*** Opening Data listing ***

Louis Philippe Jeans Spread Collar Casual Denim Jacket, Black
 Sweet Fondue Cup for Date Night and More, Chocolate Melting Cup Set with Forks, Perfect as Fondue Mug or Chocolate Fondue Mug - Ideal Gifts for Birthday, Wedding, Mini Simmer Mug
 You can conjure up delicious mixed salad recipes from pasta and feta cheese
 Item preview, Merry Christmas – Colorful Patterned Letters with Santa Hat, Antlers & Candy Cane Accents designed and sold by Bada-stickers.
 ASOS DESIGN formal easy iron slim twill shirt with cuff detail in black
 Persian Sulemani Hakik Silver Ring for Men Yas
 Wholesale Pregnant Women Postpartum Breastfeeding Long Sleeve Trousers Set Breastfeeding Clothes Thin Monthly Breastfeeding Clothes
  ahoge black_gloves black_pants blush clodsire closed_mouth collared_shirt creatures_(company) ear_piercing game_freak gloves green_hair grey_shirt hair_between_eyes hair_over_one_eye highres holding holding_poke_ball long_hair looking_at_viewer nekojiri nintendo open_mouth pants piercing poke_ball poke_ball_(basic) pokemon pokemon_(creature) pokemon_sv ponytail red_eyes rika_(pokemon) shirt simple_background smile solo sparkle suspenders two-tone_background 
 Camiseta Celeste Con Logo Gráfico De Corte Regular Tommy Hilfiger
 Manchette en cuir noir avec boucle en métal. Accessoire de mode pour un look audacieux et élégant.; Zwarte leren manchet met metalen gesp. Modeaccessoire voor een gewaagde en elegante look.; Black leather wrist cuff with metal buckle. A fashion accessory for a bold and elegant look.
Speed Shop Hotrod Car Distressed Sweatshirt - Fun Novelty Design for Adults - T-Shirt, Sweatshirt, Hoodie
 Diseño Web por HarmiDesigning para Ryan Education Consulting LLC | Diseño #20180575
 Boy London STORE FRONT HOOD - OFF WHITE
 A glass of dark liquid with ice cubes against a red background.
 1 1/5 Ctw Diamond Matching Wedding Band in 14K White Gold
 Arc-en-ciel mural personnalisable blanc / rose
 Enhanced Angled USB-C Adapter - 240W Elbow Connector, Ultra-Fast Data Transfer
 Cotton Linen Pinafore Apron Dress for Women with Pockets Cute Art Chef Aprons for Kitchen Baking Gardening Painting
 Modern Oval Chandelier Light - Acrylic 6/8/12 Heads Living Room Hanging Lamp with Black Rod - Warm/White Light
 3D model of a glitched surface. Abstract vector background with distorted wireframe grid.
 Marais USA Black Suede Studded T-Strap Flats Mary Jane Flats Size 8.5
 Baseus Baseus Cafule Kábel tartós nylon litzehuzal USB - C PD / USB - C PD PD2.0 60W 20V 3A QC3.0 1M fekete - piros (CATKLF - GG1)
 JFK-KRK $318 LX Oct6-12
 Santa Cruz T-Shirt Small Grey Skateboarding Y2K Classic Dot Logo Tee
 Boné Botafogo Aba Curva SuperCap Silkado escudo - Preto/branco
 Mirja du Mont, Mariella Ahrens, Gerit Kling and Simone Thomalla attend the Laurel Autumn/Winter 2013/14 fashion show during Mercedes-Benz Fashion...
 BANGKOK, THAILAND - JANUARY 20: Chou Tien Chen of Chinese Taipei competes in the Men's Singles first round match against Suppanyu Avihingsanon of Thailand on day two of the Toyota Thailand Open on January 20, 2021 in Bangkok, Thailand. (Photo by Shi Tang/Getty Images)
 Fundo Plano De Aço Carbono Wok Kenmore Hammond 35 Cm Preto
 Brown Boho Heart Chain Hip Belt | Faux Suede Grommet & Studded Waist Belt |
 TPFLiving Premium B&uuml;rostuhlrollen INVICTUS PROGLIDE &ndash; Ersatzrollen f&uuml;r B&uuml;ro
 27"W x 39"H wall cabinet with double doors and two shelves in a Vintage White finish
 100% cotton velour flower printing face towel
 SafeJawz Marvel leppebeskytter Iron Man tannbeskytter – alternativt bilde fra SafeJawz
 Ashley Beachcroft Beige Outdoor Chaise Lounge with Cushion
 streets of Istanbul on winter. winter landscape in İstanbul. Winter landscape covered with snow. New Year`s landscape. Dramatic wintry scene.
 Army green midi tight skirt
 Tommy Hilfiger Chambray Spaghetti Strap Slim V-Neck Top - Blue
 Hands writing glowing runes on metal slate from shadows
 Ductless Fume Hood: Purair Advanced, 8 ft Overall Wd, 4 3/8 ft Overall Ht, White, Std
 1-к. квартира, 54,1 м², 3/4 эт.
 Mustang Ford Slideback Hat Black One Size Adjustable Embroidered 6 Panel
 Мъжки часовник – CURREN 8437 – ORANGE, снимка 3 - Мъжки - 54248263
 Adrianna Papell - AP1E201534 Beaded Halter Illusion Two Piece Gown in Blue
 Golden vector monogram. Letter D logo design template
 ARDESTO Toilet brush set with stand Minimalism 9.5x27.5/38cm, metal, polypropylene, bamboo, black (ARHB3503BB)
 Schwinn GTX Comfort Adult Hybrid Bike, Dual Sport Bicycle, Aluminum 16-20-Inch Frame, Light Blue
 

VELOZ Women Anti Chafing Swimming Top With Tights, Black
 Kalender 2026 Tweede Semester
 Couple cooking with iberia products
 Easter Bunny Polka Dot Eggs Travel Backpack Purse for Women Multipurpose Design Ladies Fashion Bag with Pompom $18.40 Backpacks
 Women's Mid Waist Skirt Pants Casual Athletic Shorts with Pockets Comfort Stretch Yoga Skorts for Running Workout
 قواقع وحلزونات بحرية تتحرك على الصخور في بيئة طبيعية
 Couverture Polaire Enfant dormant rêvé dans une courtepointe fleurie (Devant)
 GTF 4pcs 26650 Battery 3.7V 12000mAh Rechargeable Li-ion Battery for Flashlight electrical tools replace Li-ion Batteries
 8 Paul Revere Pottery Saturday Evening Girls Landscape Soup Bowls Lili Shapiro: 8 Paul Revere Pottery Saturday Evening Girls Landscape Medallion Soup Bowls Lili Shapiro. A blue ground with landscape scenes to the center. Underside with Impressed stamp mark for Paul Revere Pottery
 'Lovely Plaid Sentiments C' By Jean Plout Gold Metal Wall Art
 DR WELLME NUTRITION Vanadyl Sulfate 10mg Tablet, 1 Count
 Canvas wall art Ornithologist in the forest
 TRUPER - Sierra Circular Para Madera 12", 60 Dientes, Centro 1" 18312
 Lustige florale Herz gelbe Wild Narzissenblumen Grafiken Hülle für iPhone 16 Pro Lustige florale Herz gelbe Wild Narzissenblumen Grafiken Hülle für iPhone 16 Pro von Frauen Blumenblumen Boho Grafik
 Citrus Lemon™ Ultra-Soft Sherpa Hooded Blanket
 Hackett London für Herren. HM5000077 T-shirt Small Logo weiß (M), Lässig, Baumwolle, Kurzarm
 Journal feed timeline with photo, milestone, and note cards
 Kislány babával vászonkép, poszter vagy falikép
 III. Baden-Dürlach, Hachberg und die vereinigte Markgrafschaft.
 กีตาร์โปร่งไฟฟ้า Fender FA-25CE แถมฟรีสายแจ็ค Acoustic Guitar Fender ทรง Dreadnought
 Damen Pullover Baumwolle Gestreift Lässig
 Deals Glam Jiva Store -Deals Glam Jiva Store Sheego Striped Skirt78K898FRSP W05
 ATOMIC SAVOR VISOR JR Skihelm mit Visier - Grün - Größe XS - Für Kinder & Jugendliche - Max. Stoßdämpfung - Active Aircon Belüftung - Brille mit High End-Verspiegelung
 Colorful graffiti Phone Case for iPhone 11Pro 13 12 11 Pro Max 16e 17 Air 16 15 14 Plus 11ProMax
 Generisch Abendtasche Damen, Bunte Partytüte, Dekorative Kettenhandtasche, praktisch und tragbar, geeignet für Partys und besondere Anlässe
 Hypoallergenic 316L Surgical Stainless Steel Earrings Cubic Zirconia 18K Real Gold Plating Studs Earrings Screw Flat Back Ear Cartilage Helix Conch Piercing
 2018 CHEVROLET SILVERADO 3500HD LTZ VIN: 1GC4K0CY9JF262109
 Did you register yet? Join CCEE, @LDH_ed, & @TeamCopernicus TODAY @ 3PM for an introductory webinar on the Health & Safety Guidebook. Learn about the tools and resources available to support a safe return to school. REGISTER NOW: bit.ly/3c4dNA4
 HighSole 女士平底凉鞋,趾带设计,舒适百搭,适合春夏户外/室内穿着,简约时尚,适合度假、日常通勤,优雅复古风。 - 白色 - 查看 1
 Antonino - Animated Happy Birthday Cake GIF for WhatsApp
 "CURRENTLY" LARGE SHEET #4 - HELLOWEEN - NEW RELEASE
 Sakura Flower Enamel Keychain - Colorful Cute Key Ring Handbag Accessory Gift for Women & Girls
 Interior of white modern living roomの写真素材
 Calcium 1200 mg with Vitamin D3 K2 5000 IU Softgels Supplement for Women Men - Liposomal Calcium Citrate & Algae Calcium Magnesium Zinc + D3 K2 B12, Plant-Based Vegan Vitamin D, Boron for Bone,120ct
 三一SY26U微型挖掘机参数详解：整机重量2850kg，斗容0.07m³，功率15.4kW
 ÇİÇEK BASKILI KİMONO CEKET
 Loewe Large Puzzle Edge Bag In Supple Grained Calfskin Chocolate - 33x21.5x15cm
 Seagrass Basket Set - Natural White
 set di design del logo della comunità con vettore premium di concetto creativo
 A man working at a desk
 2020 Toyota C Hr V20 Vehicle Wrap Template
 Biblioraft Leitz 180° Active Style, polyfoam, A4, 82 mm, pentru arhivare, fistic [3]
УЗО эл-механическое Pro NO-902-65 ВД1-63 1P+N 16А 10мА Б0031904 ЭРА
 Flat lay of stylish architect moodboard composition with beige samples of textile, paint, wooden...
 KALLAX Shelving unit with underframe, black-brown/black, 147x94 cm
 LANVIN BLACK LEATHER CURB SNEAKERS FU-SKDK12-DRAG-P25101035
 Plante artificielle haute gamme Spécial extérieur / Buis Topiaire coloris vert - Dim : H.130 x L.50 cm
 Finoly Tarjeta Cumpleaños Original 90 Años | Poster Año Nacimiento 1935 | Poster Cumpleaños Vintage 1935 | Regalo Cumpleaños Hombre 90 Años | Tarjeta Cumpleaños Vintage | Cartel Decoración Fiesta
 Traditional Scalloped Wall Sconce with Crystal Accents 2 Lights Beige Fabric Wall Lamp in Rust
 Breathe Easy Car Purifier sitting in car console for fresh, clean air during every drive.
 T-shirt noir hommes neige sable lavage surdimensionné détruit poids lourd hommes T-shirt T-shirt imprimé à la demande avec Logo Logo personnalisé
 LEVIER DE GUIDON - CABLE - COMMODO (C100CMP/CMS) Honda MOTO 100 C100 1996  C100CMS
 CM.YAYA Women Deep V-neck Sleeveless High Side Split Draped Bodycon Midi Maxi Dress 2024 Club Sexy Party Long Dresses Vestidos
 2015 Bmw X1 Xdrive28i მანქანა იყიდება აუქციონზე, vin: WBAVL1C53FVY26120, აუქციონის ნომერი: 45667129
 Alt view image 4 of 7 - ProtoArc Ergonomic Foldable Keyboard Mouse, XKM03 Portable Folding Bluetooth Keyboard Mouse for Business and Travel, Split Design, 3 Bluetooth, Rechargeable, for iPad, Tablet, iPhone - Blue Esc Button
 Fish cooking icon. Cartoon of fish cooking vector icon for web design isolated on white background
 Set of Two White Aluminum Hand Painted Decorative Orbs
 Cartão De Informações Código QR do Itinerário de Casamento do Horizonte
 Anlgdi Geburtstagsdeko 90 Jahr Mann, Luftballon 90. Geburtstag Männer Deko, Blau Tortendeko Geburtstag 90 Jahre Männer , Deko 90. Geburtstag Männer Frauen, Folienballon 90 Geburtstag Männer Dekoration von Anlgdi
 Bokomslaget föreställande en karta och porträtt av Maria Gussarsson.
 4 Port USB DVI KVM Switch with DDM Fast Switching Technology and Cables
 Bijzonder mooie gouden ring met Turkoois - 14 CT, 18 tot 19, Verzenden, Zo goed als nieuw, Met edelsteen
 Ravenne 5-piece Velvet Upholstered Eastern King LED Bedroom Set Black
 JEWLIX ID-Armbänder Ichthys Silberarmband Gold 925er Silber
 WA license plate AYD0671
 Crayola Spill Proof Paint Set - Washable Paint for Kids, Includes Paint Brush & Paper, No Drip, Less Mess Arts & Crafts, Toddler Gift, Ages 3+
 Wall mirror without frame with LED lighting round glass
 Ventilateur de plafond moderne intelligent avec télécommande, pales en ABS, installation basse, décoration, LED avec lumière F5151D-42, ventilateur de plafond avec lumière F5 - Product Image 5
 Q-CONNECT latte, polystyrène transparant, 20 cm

*** Closing Data listing ***

Problem to solve:
Referring to the material above, set down exactly the lines between the line with "三一SY26U微型挖掘机参数" and the line with "LEVIER DE GUIDON", inclusive, and no other lines.

Response box:
 三一SY26U微型挖掘机参数详解：整机重量2850kg，斗容0.07m³，功率15.4kW
 ÇİÇEK BASKILI KİMONO CEKET
 Loewe Large Puzzle Edge Bag In Supple Grained Calfskin Chocolate - 33x21.5x15cm
 Seagrass Basket Set - Natural White
 set di design del logo della comunità con vettore premium di concetto creativo
 A man working at a desk
 2020 Toyota C Hr V20 Vehicle Wrap Template
 Biblioraft Leitz 180° Active Style, polyfoam, A4, 82 mm, pentru arhivare, fistic [3]
УЗО эл-механическое Pro NO-902-65 ВД1-63 1P+N 16А 10мА Б0031904 ЭРА
 Flat lay of stylish architect moodboard composition with beige samples of textile, paint, wooden...
 KALLAX Shelving unit with underframe, black-brown/black, 147x94 cm
 LANVIN BLACK LEATHER CURB SNEAKERS FU-SKDK12-DRAG-P25101035
 Plante artificielle haute gamme Spécial extérieur / Buis Topiaire coloris vert - Dim : H.130 x L.50 cm
 Finoly Tarjeta Cumpleaños Original 90 Años | Poster Año Nacimiento 1935 | Poster Cumpleaños Vintage 1935 | Regalo Cumpleaños Hombre 90 Años | Tarjeta Cumpleaños Vintage | Cartel Decoración Fiesta
 Traditional Scalloped Wall Sconce with Crystal Accents 2 Lights Beige Fabric Wall Lamp in Rust
 Breathe Easy Car Purifier sitting in car console for fresh, clean air during every drive.
 T-shirt noir hommes neige sable lavage surdimensionné détruit poids lourd hommes T-shirt T-shirt imprimé à la demande avec Logo Logo personnalisé
 LEVIER DE GUIDON - CABLE - COMMODO (C100CMP/CMS) Honda MOTO 100 C100 1996  C100CMS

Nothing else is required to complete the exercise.